Il revient ensuite sur la «polémique prétexte», selon lui, celle qui aurait empêché un accord avec les communistes : la signature d’une charte demandant entre autres la discipline de vote. «Oui nous demandons la discipline […] qui consiste à respecter le programme sur lequel on est élu», explique Mélenchon. «J’ai été membre d’une organisation qui a disparu […] le Front de gauche, rappelle-t-il. Pour moi, c’était d’une grande souffrance d’apprendre qu’un député ait voté contre le mariagepour tous. […] Il a le droit […] mais pas en notre nom!». Nouveaux applaudissements. Mélenchon oublie au passage de rappeler que cette charte demande aux candidats de s’affilier à l’association de financement de la France insoumise. Ce que refusent, pour raisons financières, les communistes. «Nous avons lutté pendant 40 ans contre la volonté hégémonique du Parti socialiste, ce n’est pas pour accepter la volonté hégémonique de la France insoumise», dit-on dans la direction PCF. Réponse de Corbière : «La force qui rassemble, c’est la France insoumise. Nous soutenons des écologistes, des communistes…». Mélenchon revient enfin sur la présidentielle «moment d’une grande frustration» : «Parce que 600 000 voix, ça vous passe au ras des doigts», dit-il.

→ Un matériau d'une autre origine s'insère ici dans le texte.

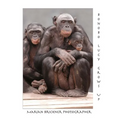Bonobo Lucy Grows Up
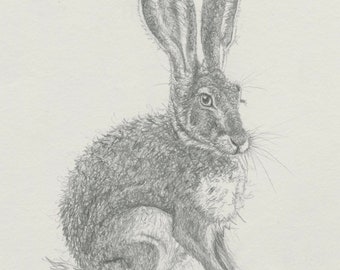 The Hare Paper Print
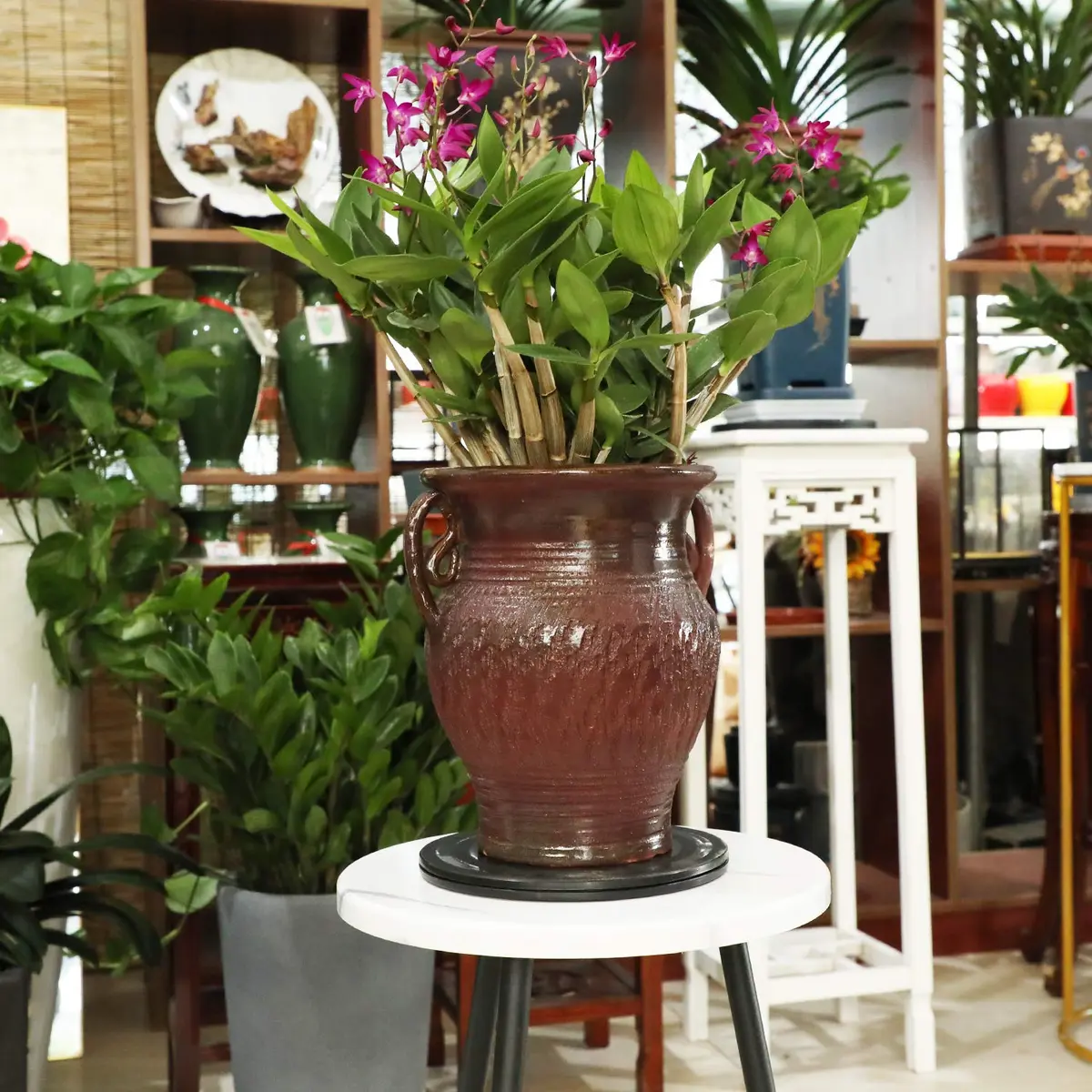 ZELARMAN 8" (20.32 cm) Heavy Duty Rotating Garden Swivel Stand | Smooth 360° Rotation for Bonsai Trimming & Display - view 6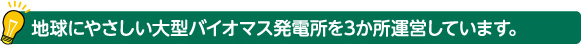 地球にやさしい大型バイオマス発電所を3か所運営しています。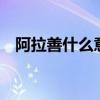 阿拉善什么意思 阿拉善：名称来自贺兰山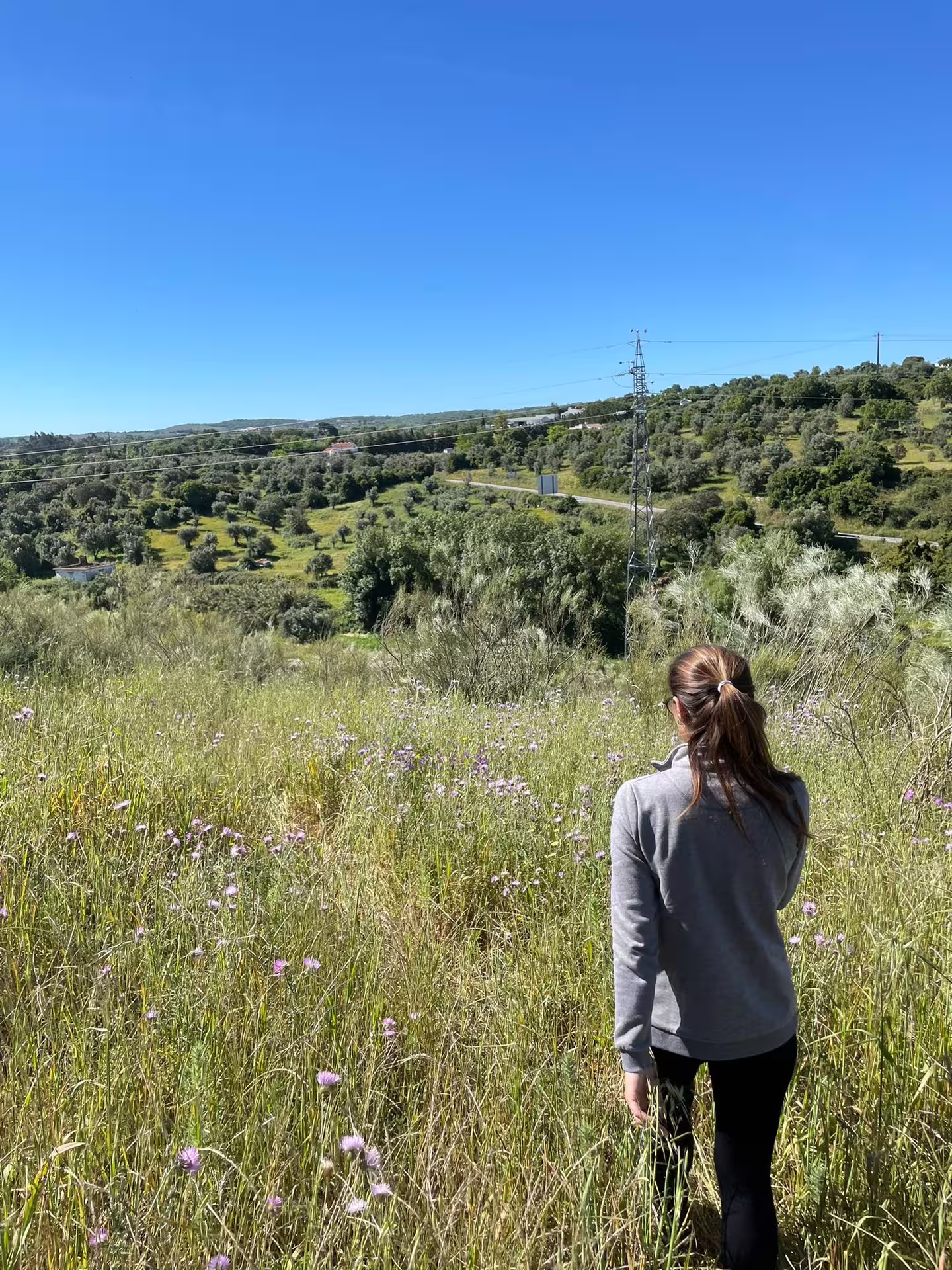 Woman enjoying panoramic views of Montemor-o-Novo's scenic landscape on a sunny day.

«Antifascistes d'opérette»

Il appelle les siens à n’avoir «ni aigreur, ni amertume», à ne pas faire de «polémique(s)». Il passe tout de même près de vingt minutes de son discours d’une heure et demie sur le sujet. Il se moque des «antifascistes d’opérette», qui l’ont accusé de faire le jeu du Front national en ne donnant pas de consigne de vote pour le second tour de la présidentielle. «Nous avons commencé à déloger le Front national, lance-t-il. Ceux qui sont responsables du Front national sont un, ceux qui votent Front national, deux, ceux qui font voter Front National!». La salle se gondole de nouveau lorsqu’il parle d’un «PS avec ses deux candidats»: «Voyez mes ailes, je suis Macron, voyez mes pattes je suis Hamon!» Et refait le débat d’entre-deux tours en s’imaginant face au président élu : «pas un mot» sur l’écologie, «pas un mot» sur les institutions, regrette-t-il. De l’amertume, sans doute, mais comme à chaque fois avec Mélenchon, pour mieux se relancer sur un autre combat : réussir à s’imposer comme figure de l’opposition à Emmanuel Macron.